=== What you are asked to do ===
Extract word for word the lines of the listing from its start to the line holding "Depreciable amount is", both ends kept; pictures are not part of the copy.

=== Dataset content ===
#####

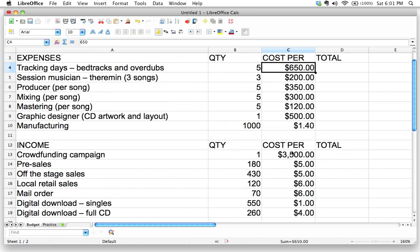We've put in all the quantities and cost-per values for both expenses and income, and we can edit these later if we need to. This is a great start. In the next video, we're going to start putting our spreadsheet to work to do the math for us automatically.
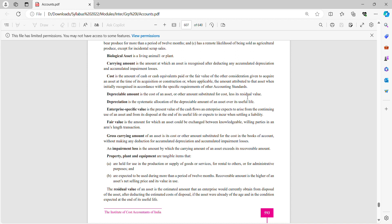Depreciable amount is the cost of an asset or other amount substituted for cost, less its residual value. Depreciation is the systematic allocation of the depreciable amount of an asset over its useful life.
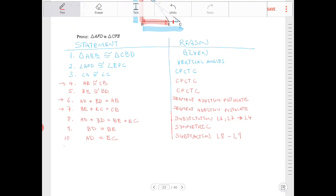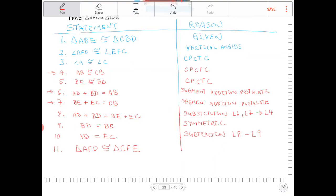Therefore, in line eleven, triangle AFD is congruent to triangle CFE. The reason for this is angle-angle-side.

#####

=== Result of this exercise ===
We've put in all the quantities and cost-per values for both expenses and income, and we can edit these later if we need to. This is a great start. In the next video, we're going to start putting our spreadsheet to work to do the math for us automatically.
Depreciable amount is the cost of an asset or other amount substituted for cost, less its residual value. Depreciation is the systematic allocation of the depreciable amount of an asset over its useful life.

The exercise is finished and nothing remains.